The police have not made any other arrests in connection with the suspected arson.


“We have not arrested anyone else yet. So far it’s only the player who is helping us with investigations,” Phiri said.


National team kits and equipment as well as computers and a video system were reduced to ashes when the fire that gutted the thatch-roofed Academy broke out around 1940 on Tuesday. The pavilion was also razed to the ground.


At the boardroom on Monday, curtains and part of the carpet were burnt but the municipal fire brigade responded swiftly to put out the fire.


The motive of the attack is yet to be established, but Zimbabwe Cricket officials believe a group of disgruntled former administrators could be behind the suspected arson.

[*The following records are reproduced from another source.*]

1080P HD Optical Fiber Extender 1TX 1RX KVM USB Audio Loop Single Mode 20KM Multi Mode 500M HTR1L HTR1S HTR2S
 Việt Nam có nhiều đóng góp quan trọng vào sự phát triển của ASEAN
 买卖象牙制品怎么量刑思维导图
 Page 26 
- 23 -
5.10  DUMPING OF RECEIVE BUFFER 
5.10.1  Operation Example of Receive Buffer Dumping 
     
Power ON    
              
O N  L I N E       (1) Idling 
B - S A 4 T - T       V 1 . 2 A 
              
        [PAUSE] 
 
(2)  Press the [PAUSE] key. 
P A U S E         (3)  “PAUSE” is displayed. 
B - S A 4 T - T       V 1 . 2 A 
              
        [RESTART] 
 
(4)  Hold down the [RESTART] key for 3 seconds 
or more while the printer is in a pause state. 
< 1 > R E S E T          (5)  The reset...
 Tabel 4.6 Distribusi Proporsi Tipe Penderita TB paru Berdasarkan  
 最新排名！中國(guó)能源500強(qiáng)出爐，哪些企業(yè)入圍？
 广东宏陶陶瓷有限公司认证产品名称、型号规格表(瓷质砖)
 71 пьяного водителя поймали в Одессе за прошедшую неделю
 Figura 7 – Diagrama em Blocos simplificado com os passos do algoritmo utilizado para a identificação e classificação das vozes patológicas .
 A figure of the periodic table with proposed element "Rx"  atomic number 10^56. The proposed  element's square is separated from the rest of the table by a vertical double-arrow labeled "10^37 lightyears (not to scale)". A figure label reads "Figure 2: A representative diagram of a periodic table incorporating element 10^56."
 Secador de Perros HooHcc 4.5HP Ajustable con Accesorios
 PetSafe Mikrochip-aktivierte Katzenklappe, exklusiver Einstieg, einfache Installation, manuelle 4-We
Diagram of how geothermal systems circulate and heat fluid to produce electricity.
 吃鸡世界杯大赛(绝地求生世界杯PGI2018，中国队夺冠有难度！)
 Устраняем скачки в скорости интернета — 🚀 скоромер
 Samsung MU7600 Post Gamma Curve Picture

Chingoka has in the last two years been battling attempts to oust him – the latest one last month by Zanu PF apologist Temba Mliswa who rehashed allegations of corruption levelled against the Zimbabwe Cricket leadership.


However, it was not clear whether Vermeulen had any links to the group.


The player, slapped with a three-year ban in England for throwing a ball to a spectator during a club game, only returned to Zimbabwe in September and immediately expressed his desire to turn out for the national team again.


There are claims that Vermeulen, who played eight Tests between 2002 and 2004, had been expected to fly out to South Africa after concluding the game in Harare was not competitive enough.


In 1996 Vermeulen was banned from representing his school Prince Edward for uprooting his stumps after getting a poor lbw decision.


He was then sent back home during Zimbabwe’s tour of England in 2003 after he refused to travel with the rest of the squad when leaving the ground.